The YouTube Channel for this book, with a complete set of video lectures and hundreds of video explanations of exercises, is at:
https: //www.youtube.com/playlist?list=PLGKxWeKRIy4WVzMzL4OB8HVabYagNrkO5
For more information, see the book webpage at:
http: //www.math.duke.edu/ cbray/mv/
This is a textbook on multivariable calculus, whose target audience is the students in Math 212 at Duke University -- a course in multivariable calculus intended for students majoring in the sciences and engineering. This book has been used in summer offerings of that course several times, taught by Clark Bray.
It is intended to fill a gap in the spectrum of multivariable calculus textbooks.
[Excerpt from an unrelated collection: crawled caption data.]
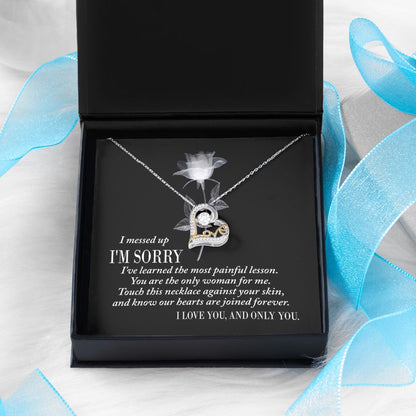 Apology Gift for Girlfriend, Wife, Soulmate - Sorry, Painful Lesson - Love Dancing Heart Pendant Necklace - Mallard Moon Gift Shop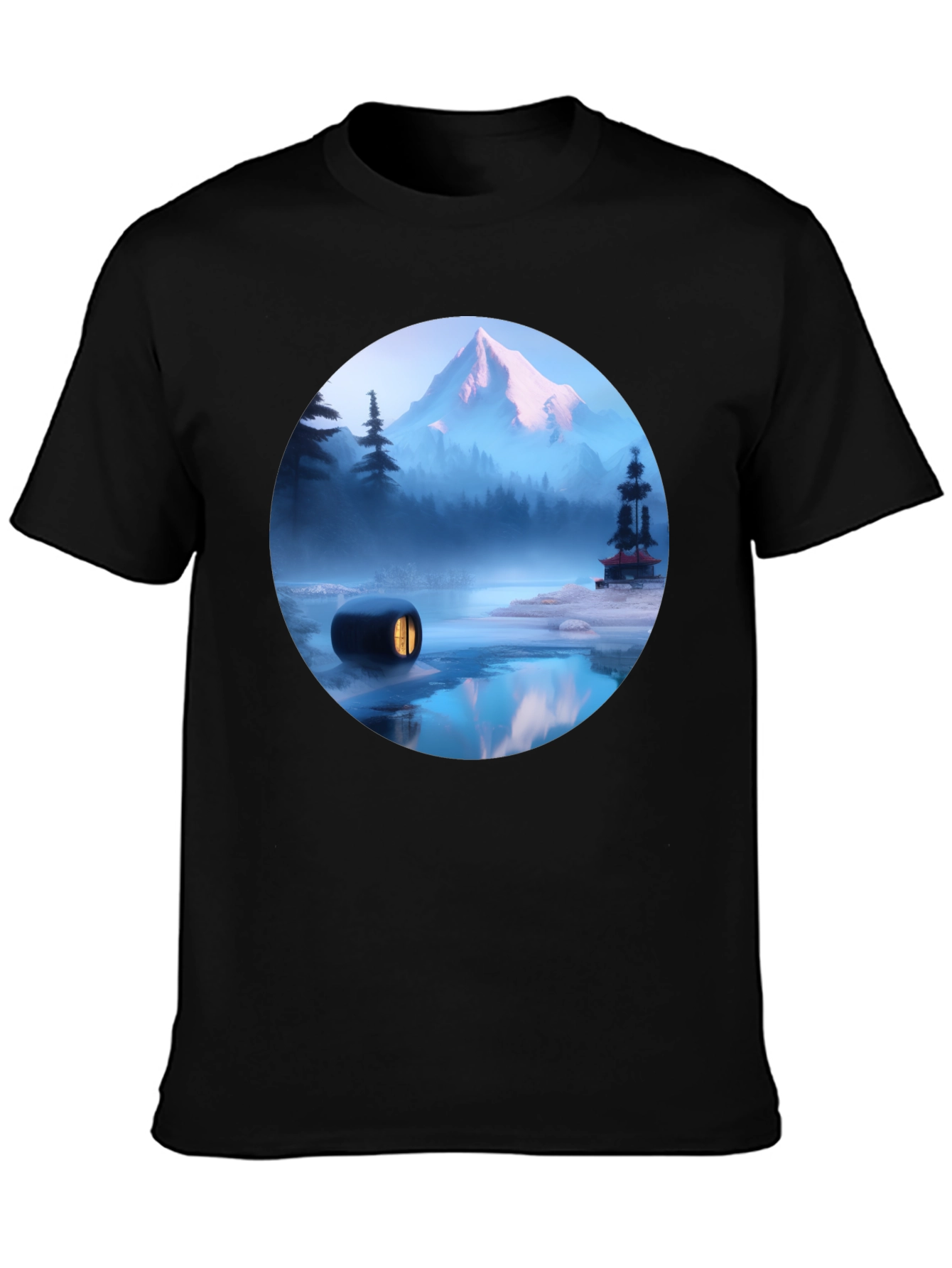 Mystic Mountain Scene Black T-Shirt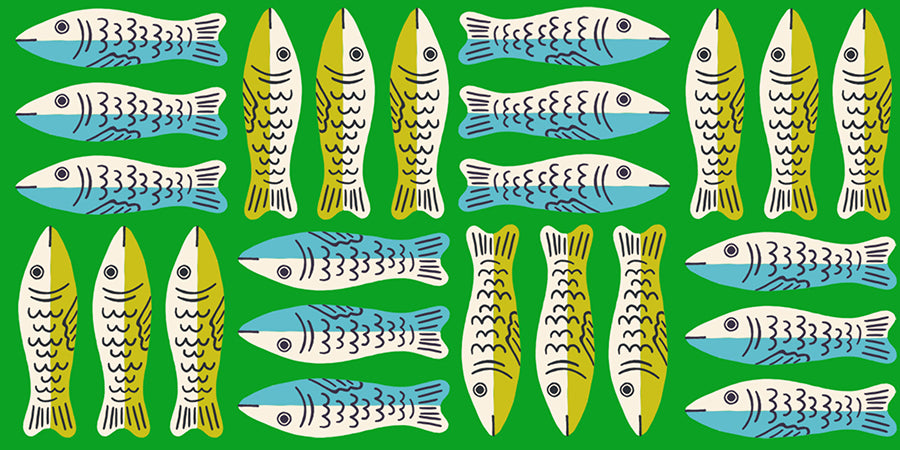 PREORDER 1-800-Calico || Little Sardines Verdant || Cotton Quilting Fabric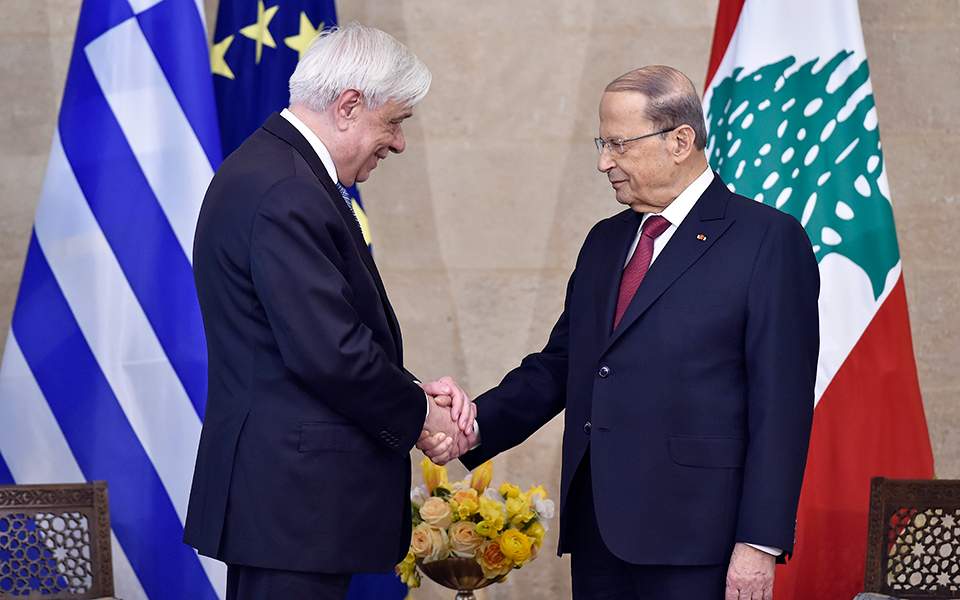 In Beirut, Greek president stresses benefits of trilateral partnership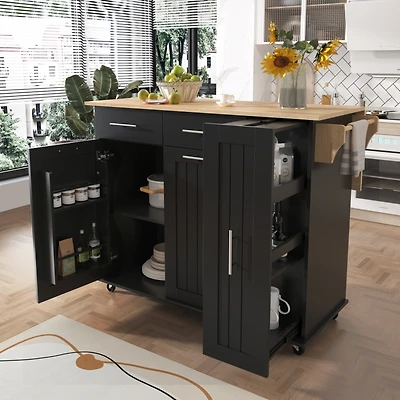 Simplie Fun Kitchen Island with Drop Leaf, Kitchen Storage Cart with 3 Tier Pull Out Cabinet Organizer, Internal Storage Rack, Rolling Kitchen Cart on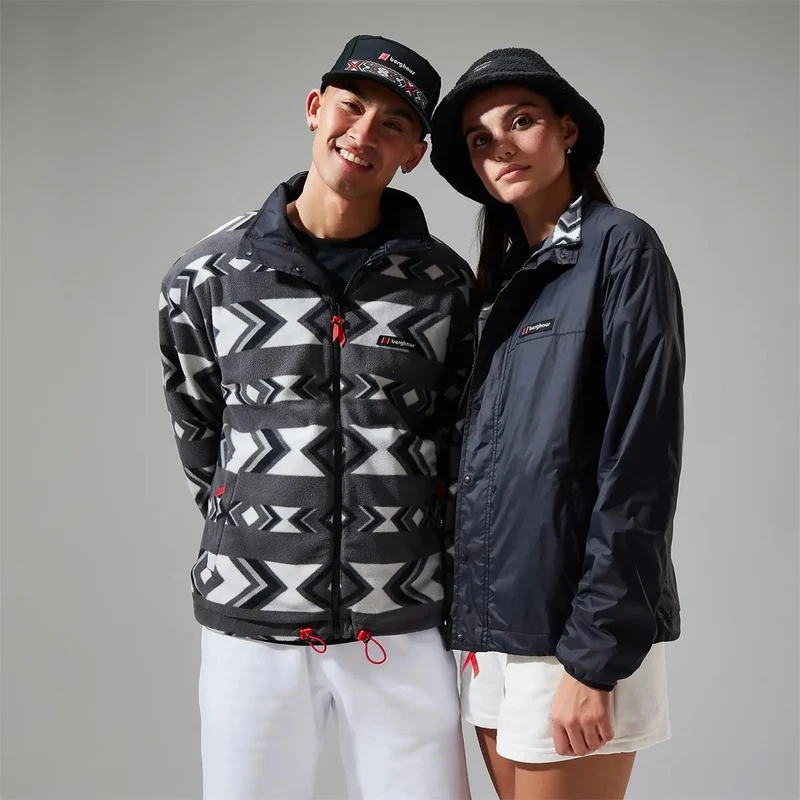 Berghaus Unisex Reverse Wind Full Zip Fleece Jacket black aztec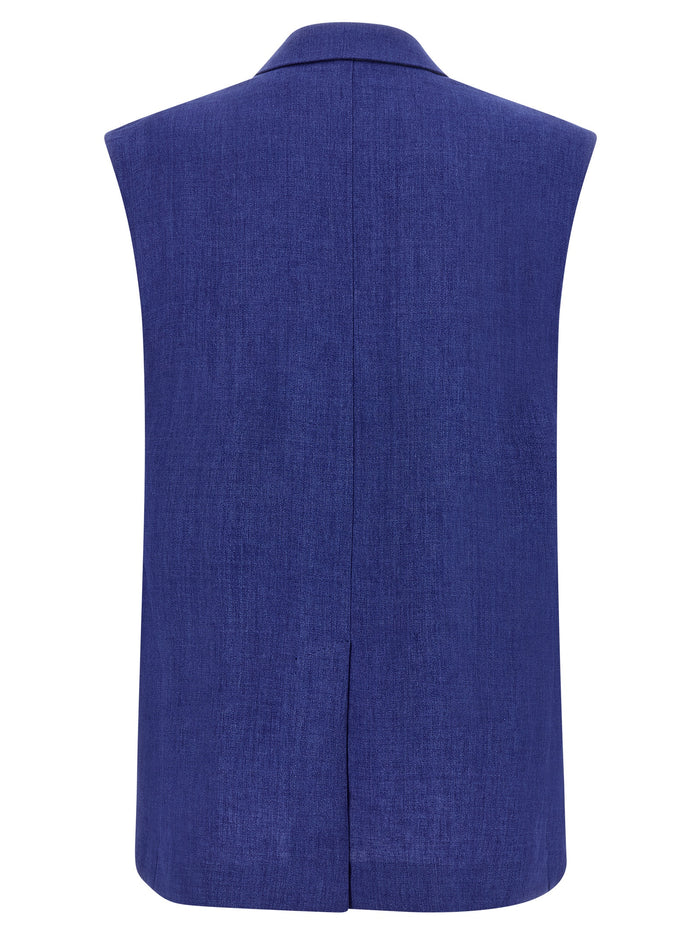 Max Mara 100% linen; lining: cupro and viscose blend vest in blue — view 2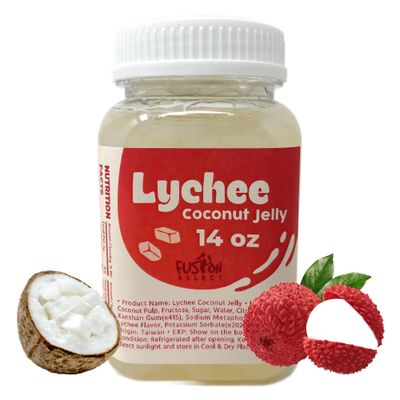 Fusion Select Lychee Jelly Coconut Jelly with Fruit Flavored for Bubble Tea, Yogurt, Ice Cream, Beverage, Fruit Tea, and Snow Fluff, Dessert Toppings 14 Ounce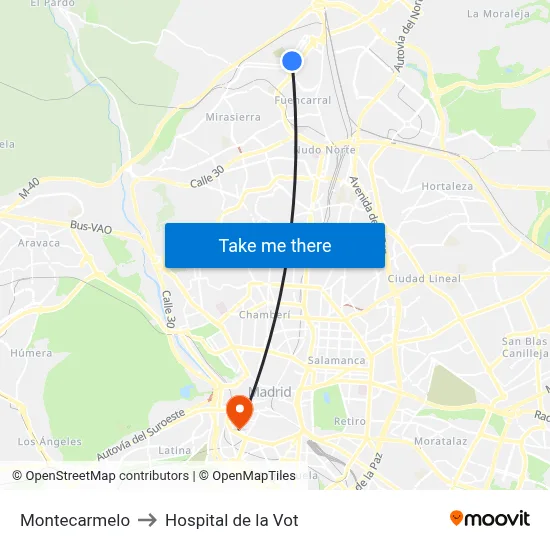 Montecarmelo to Hospital de la Vot map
It goes beyond books that are oriented around formulas that students can simply memorize, but it does not include the abstraction and rigor that can be found in books that give the most complete and sophisticated presentations of the material.
This book would be appropriate for use at any university. It assumes only that the student is proficient in single variable calculus and its prerequisites. The material in this book is developed in a way such that students can see a motivation behind the development, not just the results. The emphasis is on giving students a way to visualize the ideas and see the connections between them, with less emphasis on rigor.
The book includes substantial applications, including much discussion of gravitational, electric, and magnetic fields, Maxwell's laws, and the relationships of these physical ideas to the vector calculus theorems of Gauss and Stokes. It also includes a brief discussion of linear algebra, allowing for the discussion of the derivative transformation and Jacobian matrices, which are then used often elsewhere in the book. And there are extensive discussions of multivariable functions and the different ways to represent them geometrically, manipulating multivariable equations and the effects on the solution sets.